Extracted data entries

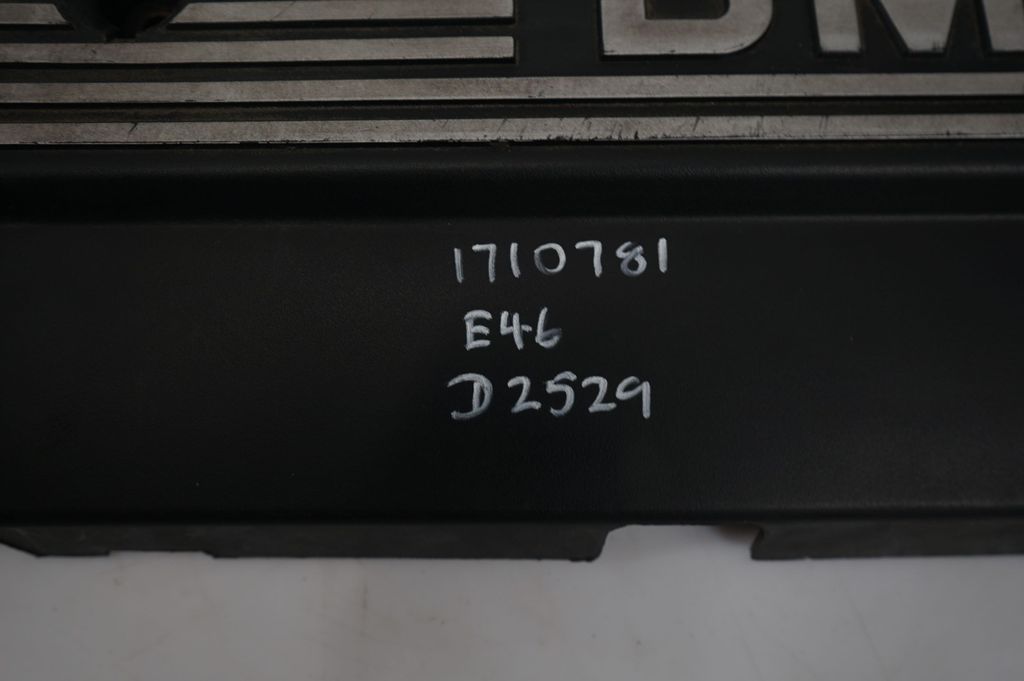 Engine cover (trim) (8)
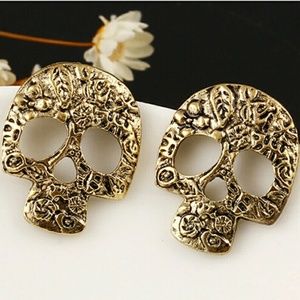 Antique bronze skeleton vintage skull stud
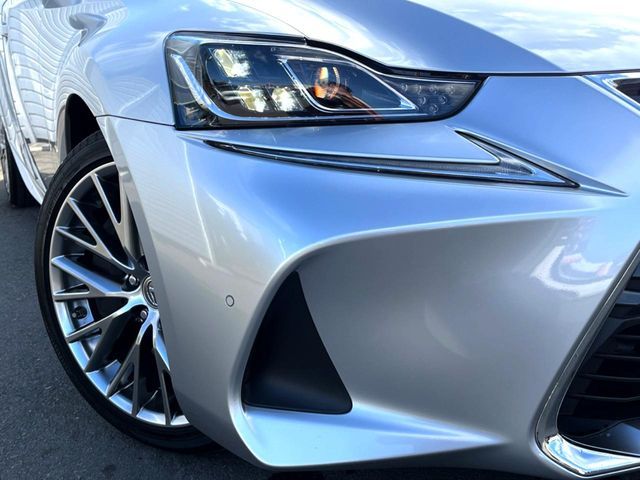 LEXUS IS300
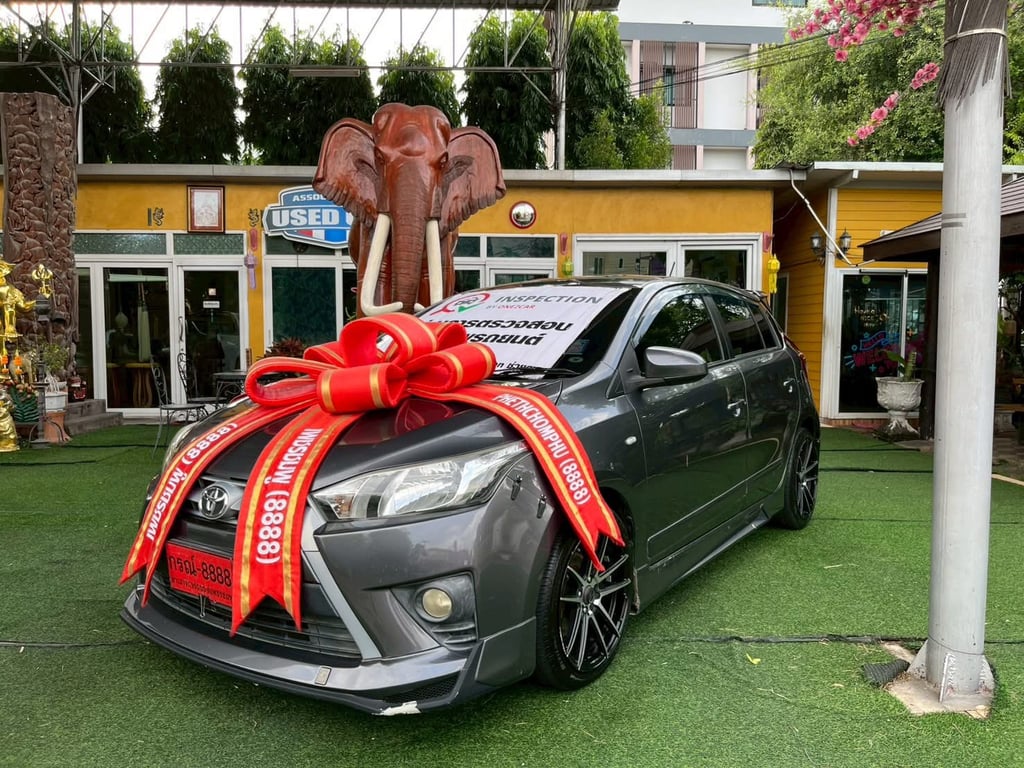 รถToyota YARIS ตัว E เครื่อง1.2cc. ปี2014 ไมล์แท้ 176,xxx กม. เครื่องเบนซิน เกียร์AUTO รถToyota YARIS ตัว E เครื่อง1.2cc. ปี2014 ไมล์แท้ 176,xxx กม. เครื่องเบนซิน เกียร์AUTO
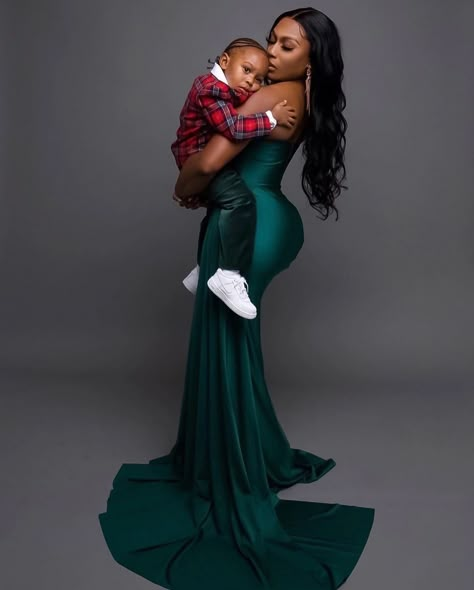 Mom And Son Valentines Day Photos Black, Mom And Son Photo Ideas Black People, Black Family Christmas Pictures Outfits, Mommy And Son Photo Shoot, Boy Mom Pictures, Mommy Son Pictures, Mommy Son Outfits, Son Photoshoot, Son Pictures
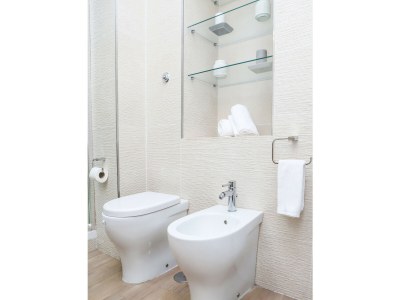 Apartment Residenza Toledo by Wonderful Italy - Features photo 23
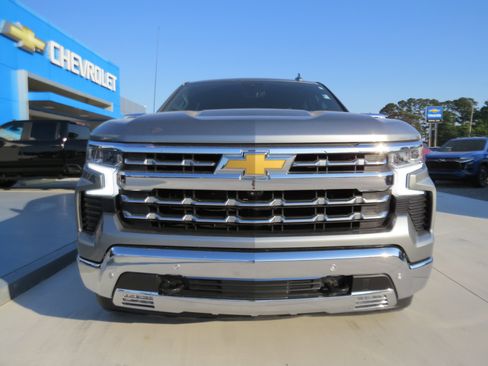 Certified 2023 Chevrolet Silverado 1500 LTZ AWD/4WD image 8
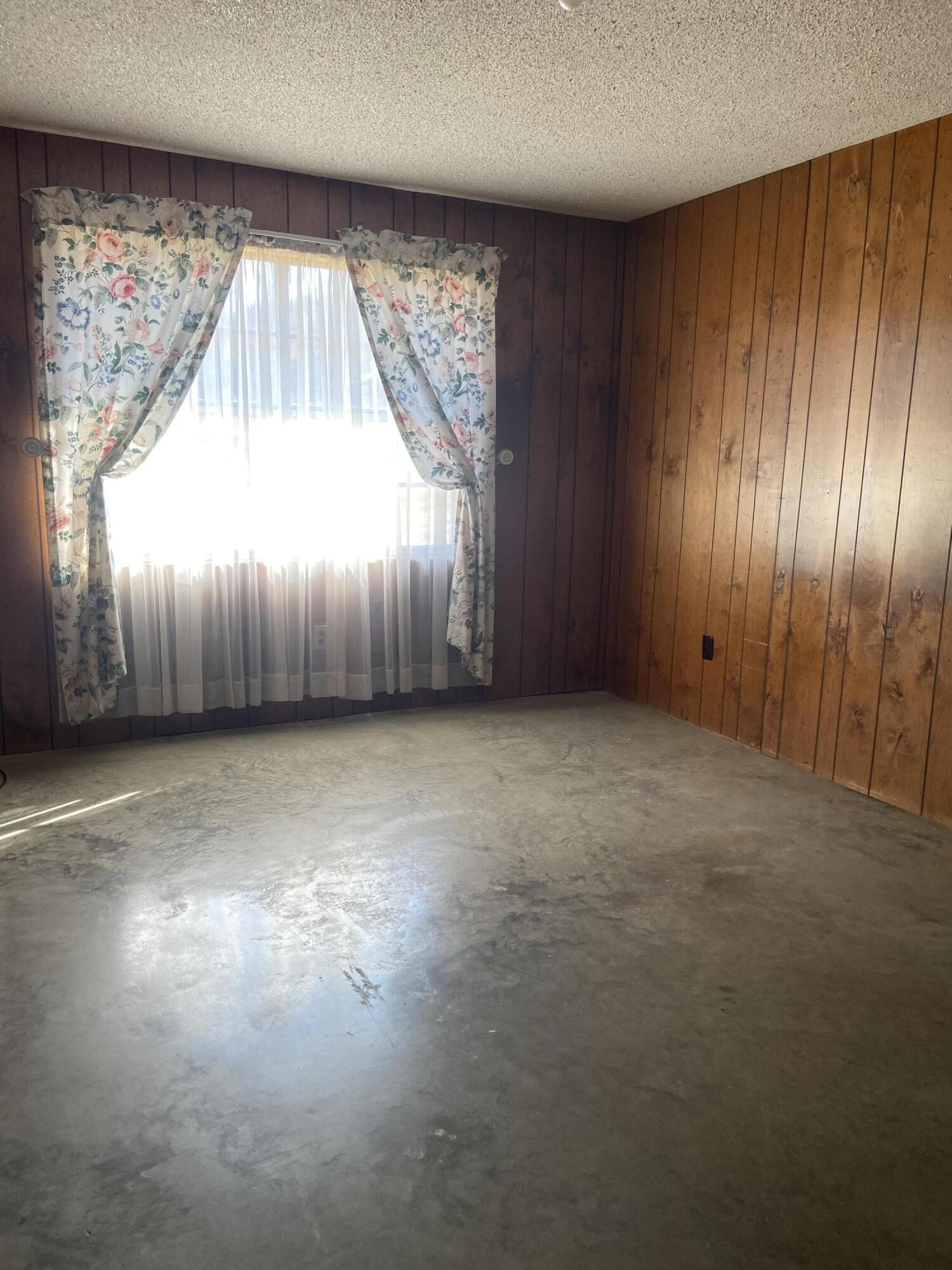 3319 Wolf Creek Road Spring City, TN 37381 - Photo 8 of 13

**What is required:**
Transcribe exactly the span of lines that opens with the line holding "Certified 2023 Chevrolet" and closes with the last line of the entries above. Omit pictures.

**Response for this exercise:**
 Certified 2023 Chevrolet Silverado 1500 LTZ AWD/4WD image 8
 3319 Wolf Creek Road Spring City, TN 37381 - Photo 8 of 13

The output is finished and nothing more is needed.